◆ **Goal of the exercise**
What lines below contain the string "Glaucoma"? List them all.

(Records from a collection)
+ + + + +

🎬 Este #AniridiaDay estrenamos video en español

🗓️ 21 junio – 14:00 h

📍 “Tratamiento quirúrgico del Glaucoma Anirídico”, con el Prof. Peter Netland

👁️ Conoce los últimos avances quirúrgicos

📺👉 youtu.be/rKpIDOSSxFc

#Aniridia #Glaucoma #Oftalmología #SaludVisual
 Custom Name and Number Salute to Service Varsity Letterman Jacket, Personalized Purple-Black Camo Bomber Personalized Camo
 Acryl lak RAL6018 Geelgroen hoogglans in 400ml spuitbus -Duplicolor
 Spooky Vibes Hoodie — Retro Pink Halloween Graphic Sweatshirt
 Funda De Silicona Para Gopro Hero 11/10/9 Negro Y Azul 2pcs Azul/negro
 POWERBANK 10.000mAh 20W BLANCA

+ + + + +

◆ **The completed task**
📍 “Tratamiento quirúrgico del Glaucoma Anirídico”, con el Prof. Peter Netland
#Aniridia #Glaucoma #Oftalmología #SaludVisual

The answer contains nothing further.